Source material:
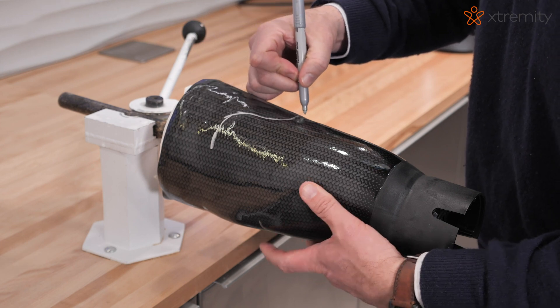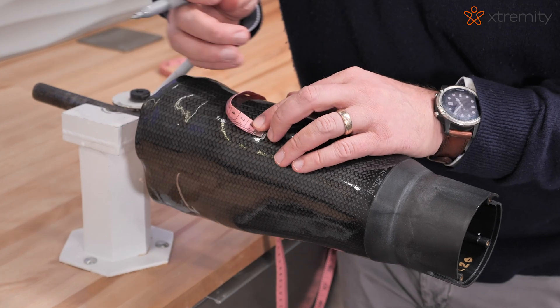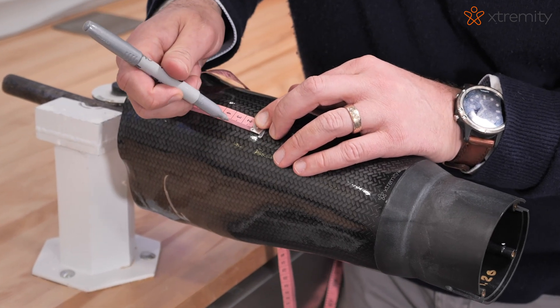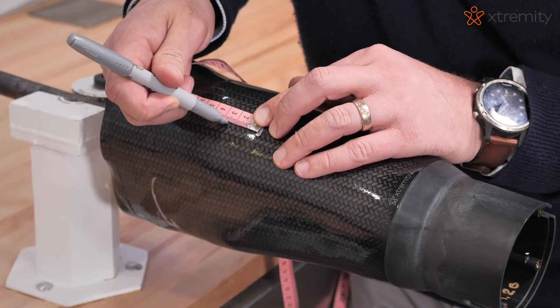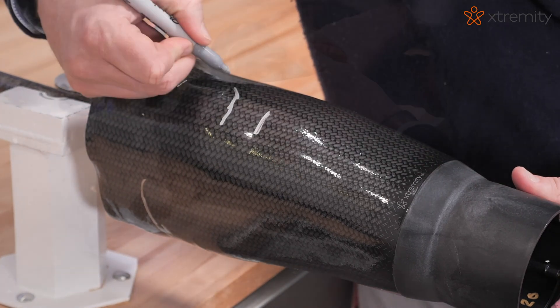Once cool, remove from vacuum and draw trim lines. The extremity TT requires an anterior trim line of 2.5 cm proximal to MPT to maximize socket strength and maintain warranty.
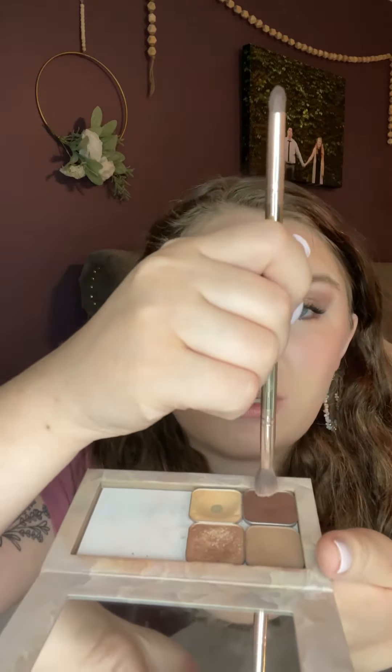Go into Cocoa, tap off the excess, and you're going to draw like a greater-than/less-than sign on the outer portion of your eye. You can tap into it a little bit more and then just start blending towards your nose.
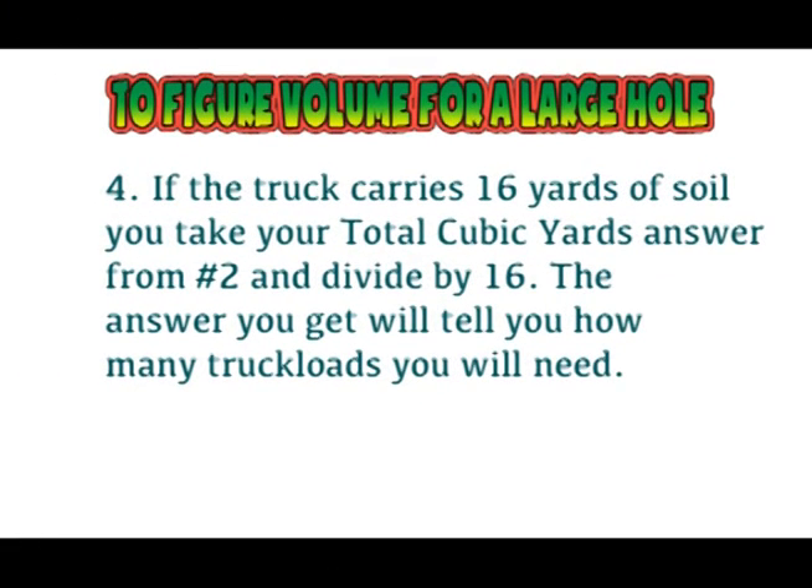Truckload sizes vary, but for our example, let's say the truck holds 16 cubic yards. So now you'll take your answer of total cubic yards and divide by 16 to get the answer as to how many truckloads you need. Your truck size may vary, so feel free to change the 16 to whatever number fits to get your answer as to how many trucks you'll need to order.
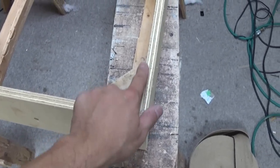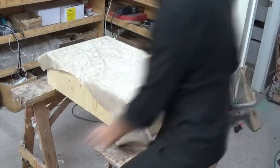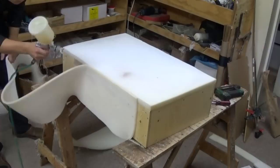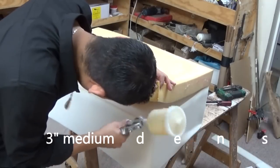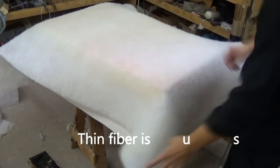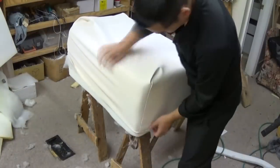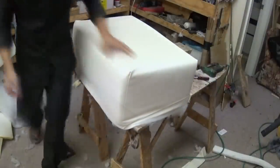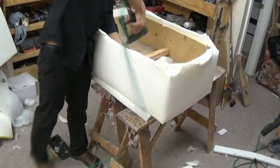So this is the base, and I cut a 45-degree angle. So here we go.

About this task: Before writing out the material above, please remove its pictures; everything else stays exact.

Output below:
Once cool, remove from vacuum and draw trim lines. The extremity TT requires an anterior trim line of 2.5 cm proximal to MPT to maximize socket strength and maintain warranty.
Go into Cocoa, tap off the excess, and you're going to draw like a greater-than/less-than sign on the outer portion of your eye. You can tap into it a little bit more and then just start blending towards your nose.
Truckload sizes vary, but for our example, let's say the truck holds 16 cubic yards. So now you'll take your answer of total cubic yards and divide by 16 to get the answer as to how many truckloads you need. Your truck size may vary, so feel free to change the 16 to whatever number fits to get your answer as to how many trucks you'll need to order.
So this is the base, and I cut a 45-degree angle. So here we go.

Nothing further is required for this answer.